# Four Cells: No Threes!

Four Cells is an area dividing puzzle. You may see an introduction to this puzzle here: Four Cells: An Introduction

Rules of Four Cells:

• The grid is to be divided along the grid lines into areas containing exactly four cells.
• A number in a cell indicates how many of its four sides are segments of area boundaries. Note that this also includes the border of the grid.
• Line segments of area boundaries should not be left dangling.
• An area may contain multiple number cells (including none).

An example is shown in the link above if further clarification is needed.

Shown below is the actual puzzle to solve: Good luck and have fun!

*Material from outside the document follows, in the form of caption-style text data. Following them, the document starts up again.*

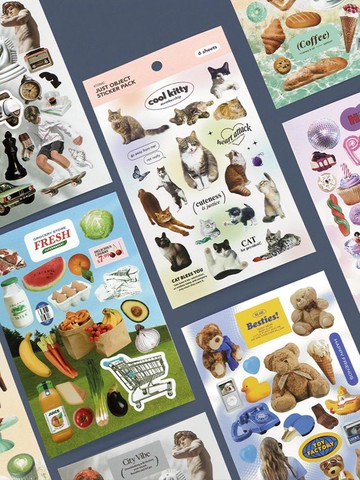 Just Object Sticker Pack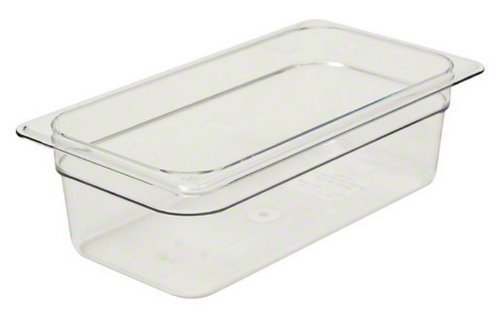 CAMBRO PAN THIRD CLEAR 4″ DEEP, EA, 11-0353 CO FOOD PANS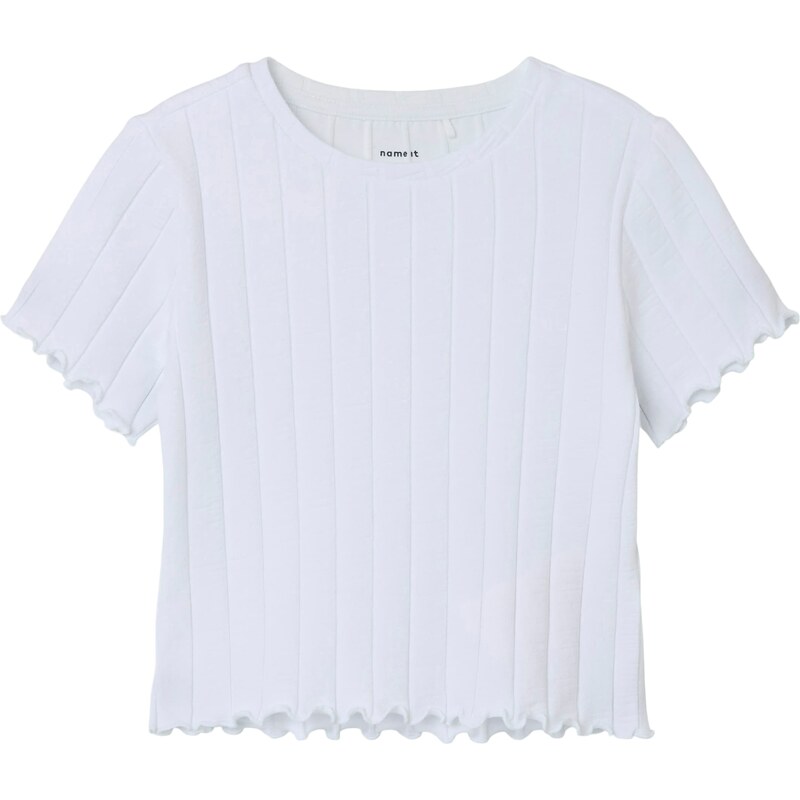NAME IT Tričko NKFNoralina biela 54312444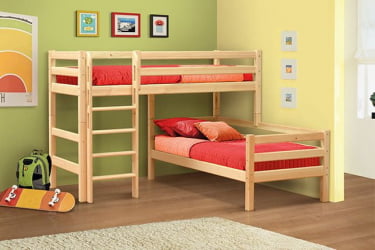 Детская кровать 190 80 вариант №7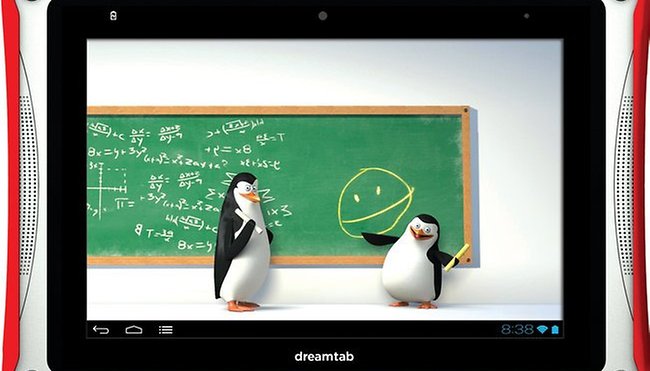 Nuovo tablet per bambini firmato Dreamworks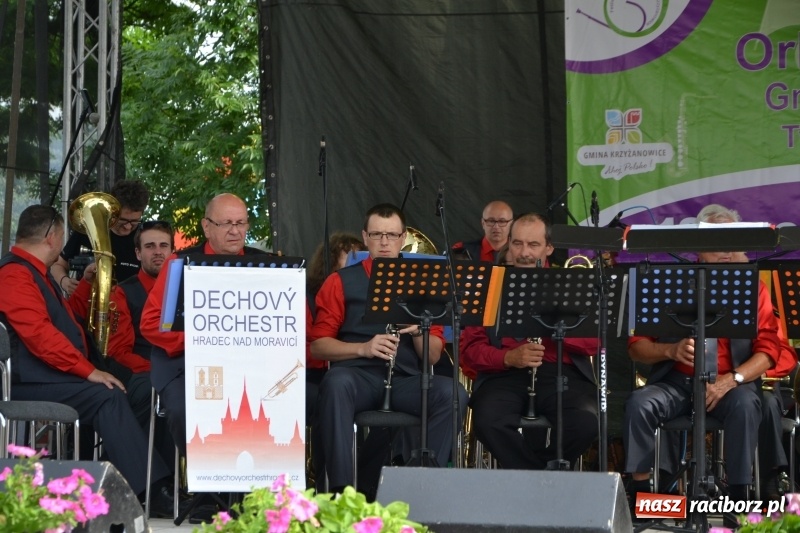 Zdjęcie w galerii na portalu naszraciborz.pl: VI Festiwal Orkiestr Dętych w Tworkowie wiadomości z regionu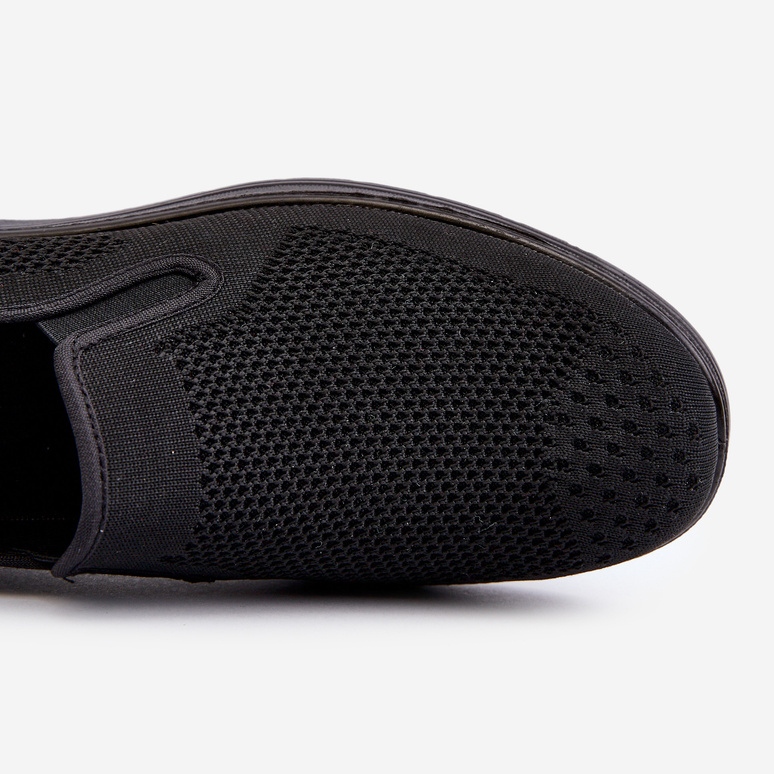 Herren-Sneaker in Schwarz von Nomiji 1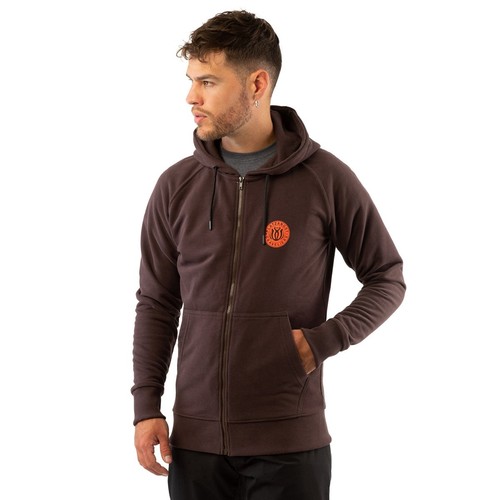 Platzangst explore zip braun - -,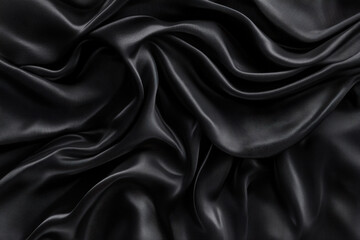 Obraz premium Abstract dark background illustration with geometric graphic elements 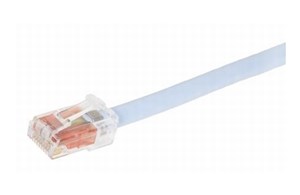 Cat. 6 RJ45-RJ45 LSZH Hellblau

P.S. You may be wondering, "What's the big deal about not having any 3s?" Nothing. I just needed something for the title.

## 1 Answer

The Top

The 1 at the top is already fulfilled, and we can make progress with the two 2’s, also at the top. If the lower end of the top right 2 goes down, it would make the 2 below it have three borders instead of just two. Therefore, the top right 2 must form a square instead. Same logic can be applied to the downward extension of the 2 at Row 1 Column 5 and the 2 at Row 3 Column 8. The Middle Left and the Two Down Under

Let us also turn our attention to the 1 in the middle left. If its border were anywhere other than to its right, the 2 would always be forced to have three borders. Therefore, the border of the 1 must be to its right. The square to the top left of the same 1 must be obtained by the 2 in the top left; otherwise, it will belong to a region that does not have exactly four squares. And there will only be one way that this is fulfilled: The square at Row 3 Column 3 cannot extend rightward, as it would force the 2 to its right to have three borders. Therefore it must extend downward. Note than the 2 at the bottom must extend fully horizontally. Otherwise, either a group of less than four cells would be trapped, or the 2 would obtain three borders. The Bottom Right, and Finishing Off the Twos

Now the unsolved 1 is limited as to how it can extend: two configurations of the area where the 1 will be yield a square trapped to the bottom left of the 1. Therefore, we are sure that the 1 will extend upward and rightward. It also cannot include the 2 to its right, because of the same problem that arose in previous steps: the 2 will have three borders. And quickly we see that the 1 must extend downward, or else it would trap a few squares below it. Here it took me a bit of time to figure out that the 2 at the top cannot form a square, or the 2 at Row 3 Column 4 would be forced into an area of six squares. Therefore it must form an S-shape instead. Finally, the 2 at Row 3 Column 6 cannot extend downward, or else it would trap seven squares to the right. Therefore, it must extend rightward. The puzzle is completed after this.